Hawaii congresswoman Tulsi Gabbard and businessman Andrew Yang have been among the most prolific campaigners in New Hampshire since the start of the year along with fellow long shots Colorado Sen. Michael Bennet and former Massachusetts Gov. Deval Patrick.
Of the senators remaining in the race, Bennet has spent the most time in New Hampshire in January after placing his slim presidential odds on the state.
On Sunday, he was the only senator in New Hampshire as Klobuchar, Warren and Sanders had already bolted to Iowa to focus their energy there while away from the impeachment trial.
Asked if he thought the top tier was ignoring New Hampshire, Bennet said, “I think they have, and it's one of the reasons I'm here.”
“I think New Hampshire wants to meet candidates and see candidates and have conversations. And I really think they want to have the chance to ask questions and have those questions answered,” Bennet said.

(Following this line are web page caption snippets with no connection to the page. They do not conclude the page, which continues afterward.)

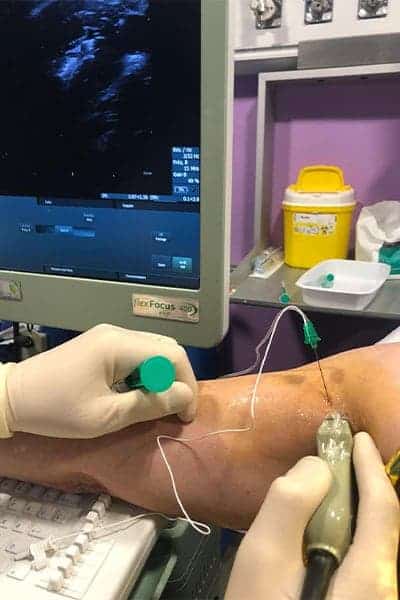 techniques anesthesie loco regionales epaule main paris chirurgien nerfs paris maladie atteintes nerfs peripheriques docteur patrick houvet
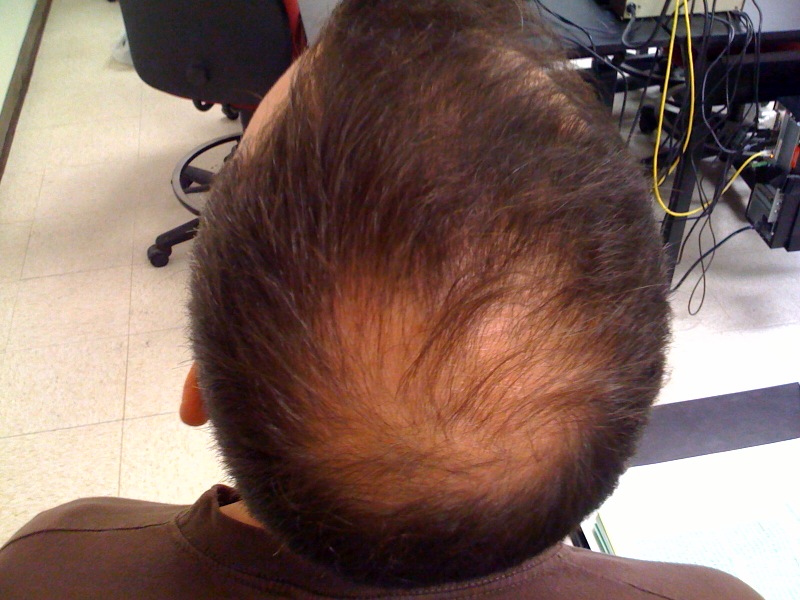 Platelet Rich Plasma Treatment for hair loss 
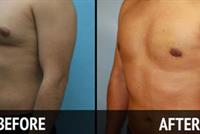  للرجال الذين يعانون من مشكلة 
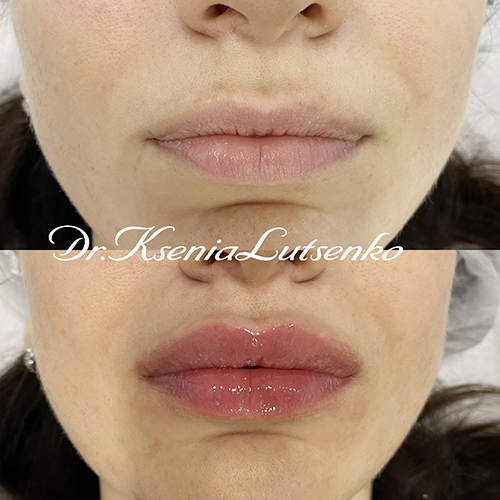 Увеличение губ,  косметолог Ксения Луценко 1670821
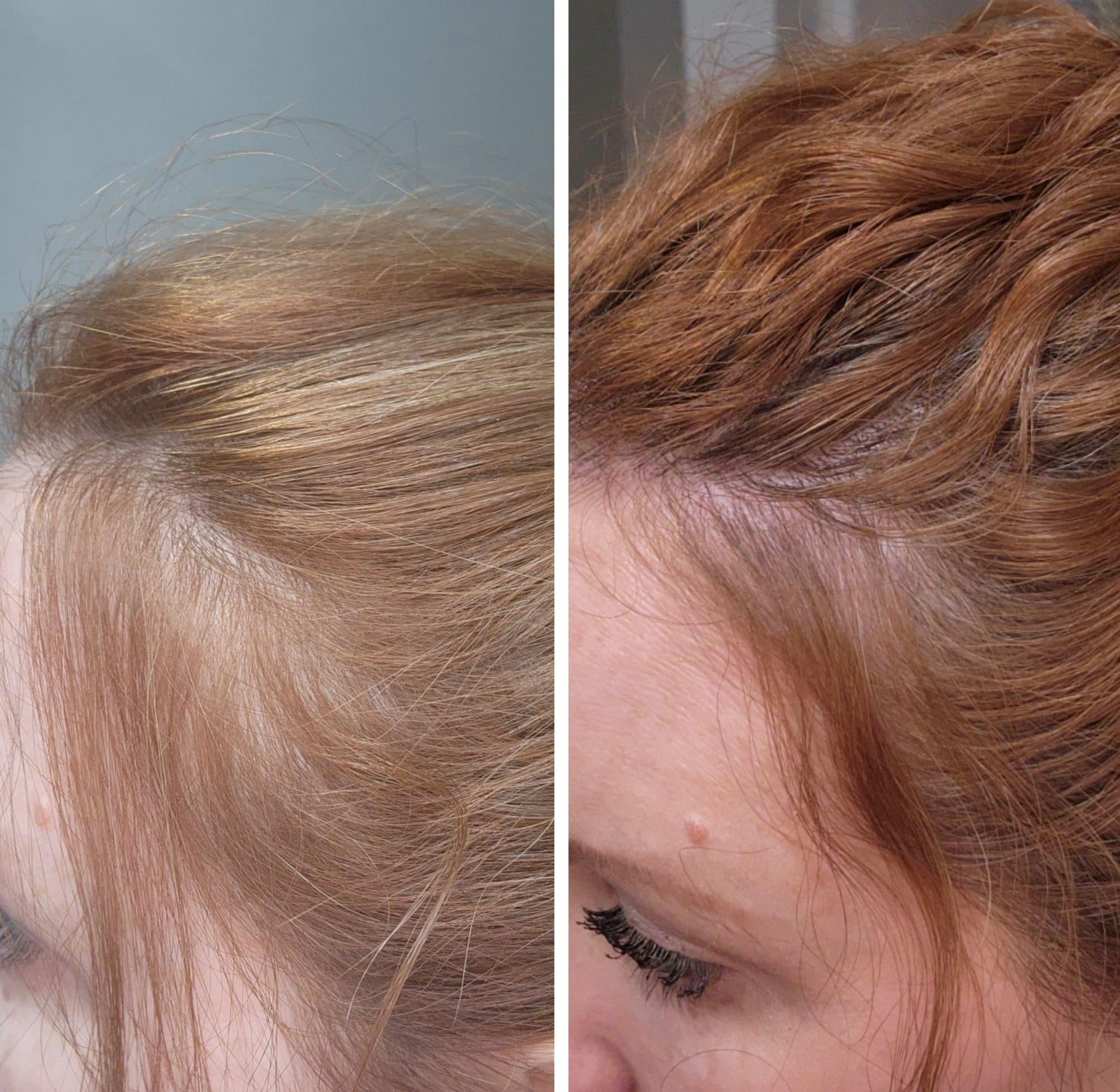 Nutrafol B&A 2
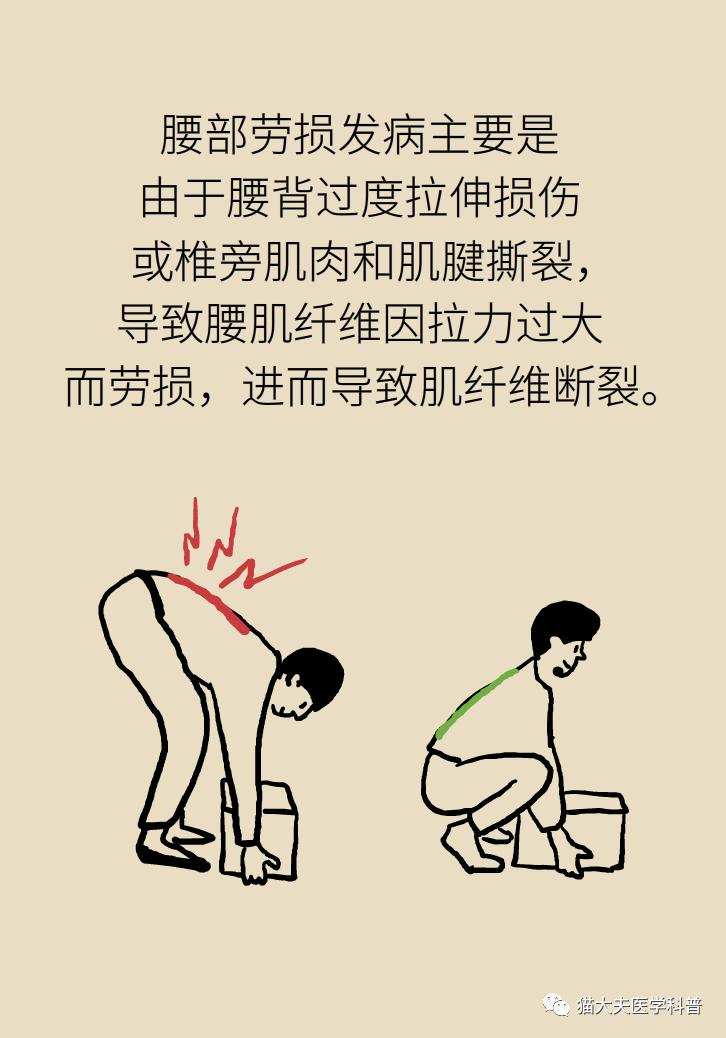 年纪轻轻也没干啥体力活儿怎么就腰肌劳损了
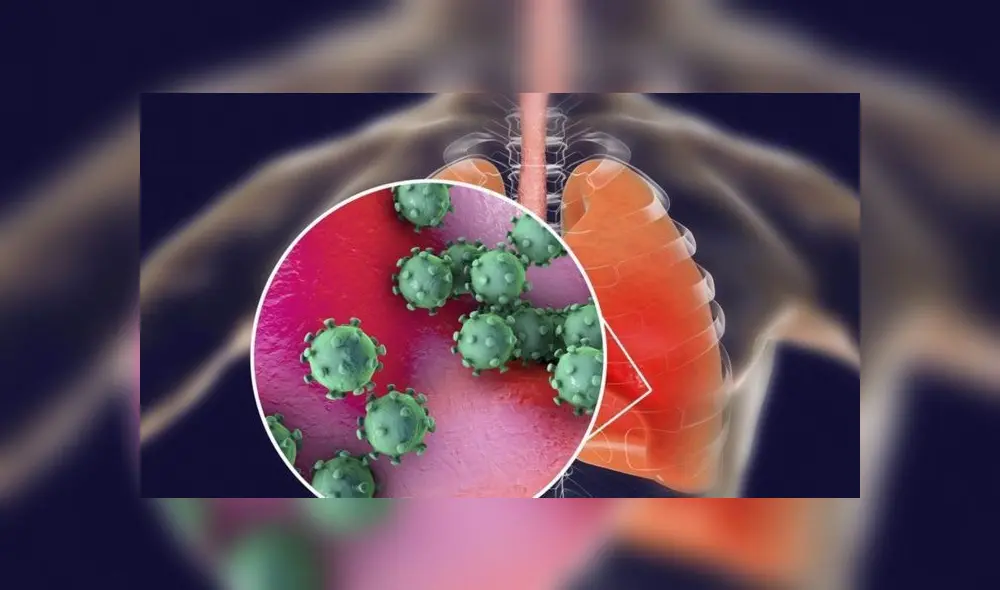 Uno de los efectos del COVID-19 es inflamación de los pulmones. Foto: Getty Images.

While New Hampshire has a history of humbling front-runners and producing historic upsets or comebacks, even voters who have been attending recent candidate events have indicated they’re leaning toward a particular candidate but are not yet fully committed.
Some in New Hampshire, like Molly Forgaard, have noticed a drop in attention. At this point, the 25-year-old independent voter supports Buttigieg but is "open to having my mind changed by something unexpected."
"Selfishly, as a New Hampshire resident, I like being able to see all the politicians in person, and I am a little bummed that I haven't gotten to see as many as I would like because they've been over in Iowa," Forgaard said. "But I do also think that Iowa and New Hampshire's outsized influence in the election is kind of unfair."
Even one of the most veteran Democrats in the state found it was hard to say how important the contest will be this year, saying it depends on the outcome.
"If it's a draw, if everyone is within one or two points of each other, I think there's no winner, so it could be that," said Bill Shaheen, a Democratic National Committee member from New Hampshire who recently endorsed Biden. “New Hampshire has the potential of being important, but it also has the potential of being, hey, people haven't made up their mind yet.”
Associated Press writer Sara Burnett in Davenport, Iowa, contributed to this report.